The interlocal agreement between the ESD 3 station in Hudson Oaks and Weatherford’s Station 2 located by the lake was first mentioned in a work session on May 28 and was approved at the meeting Nov. 12.
"It’s going to improve our level of service to the citizens," Mayor Dennis Hooks said of the agreement, which he referred to as “revenue neutral.”
The two stations are located only a couple miles from each other and because Weatherford wraps all around the city of Hudson Oaks, the locations of their districts sometimes cause them to drive past each other to reach an emergency.
With the agreement, Weatherford will no longer use Station 2 – which is actually part of a water treatment plant – and will instead serve from the more conveniently located ESD station. Weatherford will not just get to use the ESD station’s facilities but also their equipment, vehicles and even their volunteer force of about 20 firefighters.
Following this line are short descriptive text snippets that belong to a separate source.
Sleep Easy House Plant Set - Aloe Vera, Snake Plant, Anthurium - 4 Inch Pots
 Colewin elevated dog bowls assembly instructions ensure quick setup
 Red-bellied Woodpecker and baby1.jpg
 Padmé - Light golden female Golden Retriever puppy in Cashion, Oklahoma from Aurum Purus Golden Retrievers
In return, Weatherford will hire the six firefighters who had been working from ESD 3. Three of those positions already exist and Hudson Oaks will pay about $200,000 to cover the cost of salary and benefits for the remaining three.
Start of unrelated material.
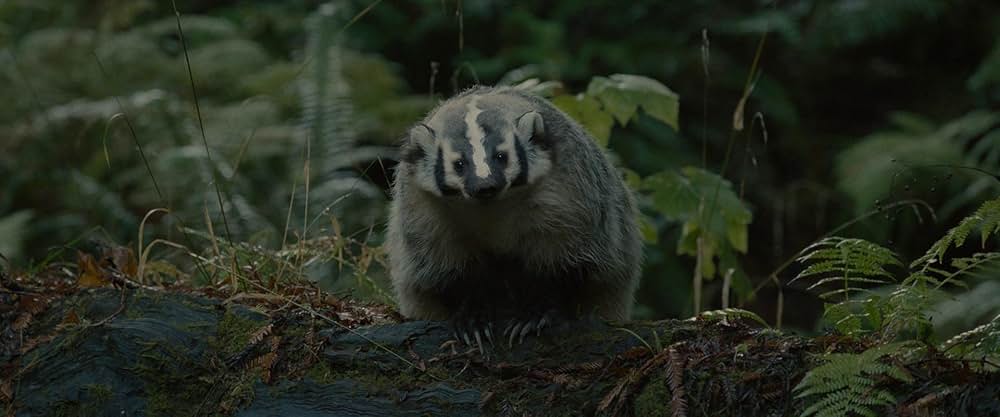 サスカッチ・サンセットの画像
Dissenting voters disagreed with the claim that the agreement would be virtually revenue neutral.
Weatherford Fire Department Chief Paul Rust said a dollar figure cannot be placed on many of the benefits Weatherford will receive. The value of the ESD equipment alone that Weatherford will use is approximately $1 million.
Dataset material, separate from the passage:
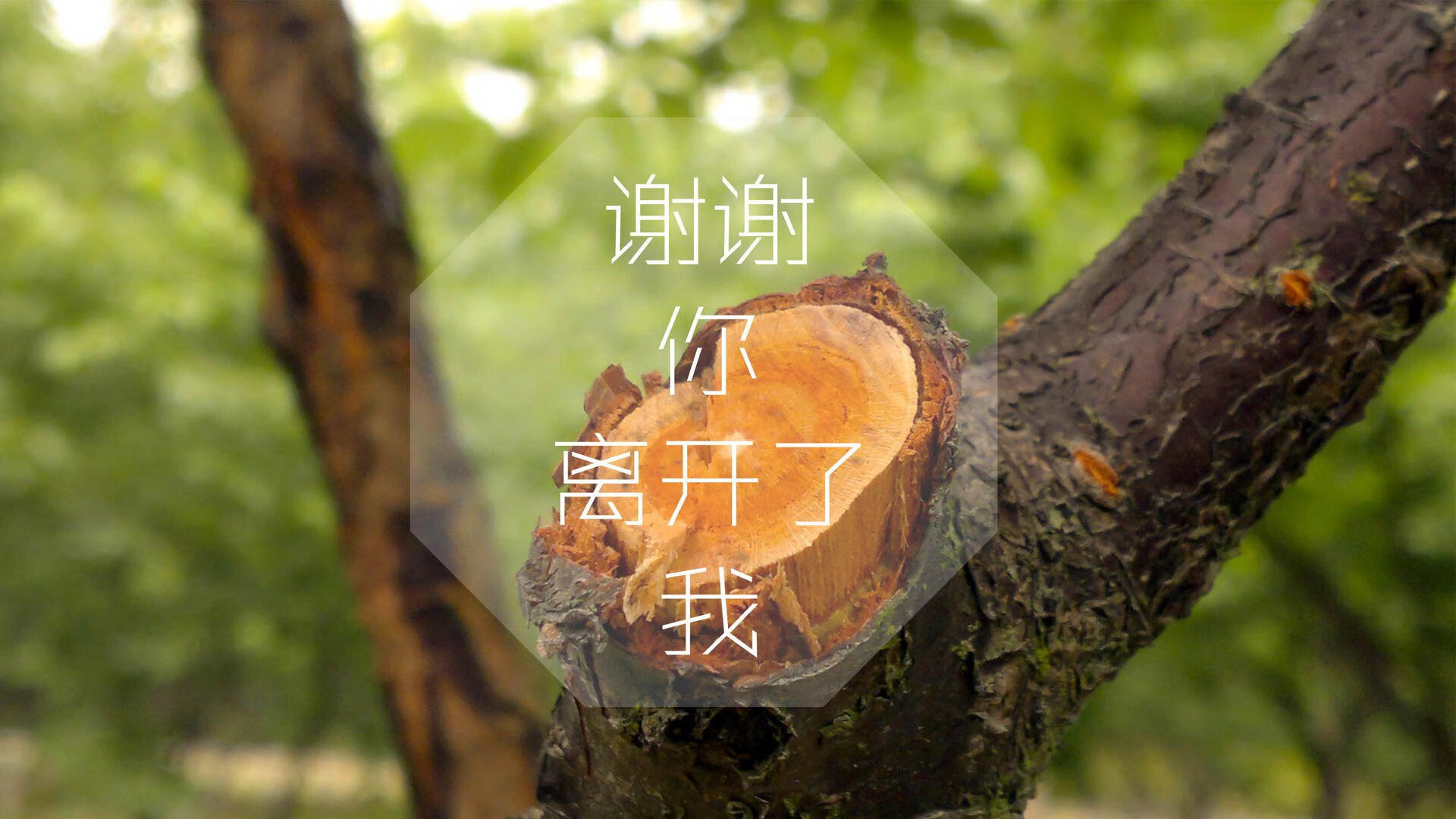 浙江雄狮持续优化轮换保持阵容活力，杭州雄狮运输有限公司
Any other financial disparity would be made up for over a period of time since it postpones the purchase of a fire truck – which has been removed from the budget the last couple years – and means Weatherford would not have to build a new station when the water treatment plant asks for their building back.
Weatherford has long had a good relationship with the ESD – even borrowing an engine when theirs were being serviced – and Rust said he wants that good neighbor relationship to continue.
"If the people from ESD benefit from this as well, that’s a good thing," Council member Jeff Robinson said. "I really think it’s a win-win."
With the agreement, it is now the Weatherford department’s job to respond to calls from the Hudson Oaks area that ESD 3 is responsible for and also to pay some of the costs involved.
Station 2 averaged about 1.7 calls each day and about 260 calls for all 2012. Combining with the over 620 calls the ESD station covered, the call volume could more than triple.
Council members with dissenting votes to the agreement questioned whether increasing that volume so drastically would have a negative effect on the station. But Rust pointed out that even with that increase, the station would still only be the third busiest of the four.
Council member and former fire officer Craig Swancy said whether a single shift has 1.7 calls or the average 11 calls Station 1 receives, those firefighters will still be on shift for 24 hours. More calls would be a boost in morale as well as give them more chances to demonstrate and practice their skills.
Robinson lives almost next door to Station 2 and said the firefighters do spend a lot of time at the station because they receive so few calls. Combining the stations already so near to each other would give them more opportunities and also let them combine services given to almost the same area.
"It’s a duplication that’s a waste for taxpayers in the long run," Robinson said.
With the greater number of firefighters, stations will be able to have four on each shift instead of the two or three ESD 3 and Station 2 had been using.
Having four would allow firefighters to enter a burning building more quickly to save property since state law requires that two firefighters must remain outside the building for two to enter if there is no rescue taking place. With three firefighters on the engine they would have to wait for a second engine to arrive.
"A four-man crew is much more efficient," Swancy said, on top of it being safer. "Always has been and always will be."
Two days after receiving approval, the Weatherford department started serving their new district, Station 2 started moving into the new station and the newly hired firefighters began their two weeks of orientation.
"This is a unique opportunity," Swancy said. "If it doesn’t work, it doesn’t work."
If after a year the departments decide that the agreement will not work out, it will be severed with no loss on either side.
"We’ll see what happens," Dennis said.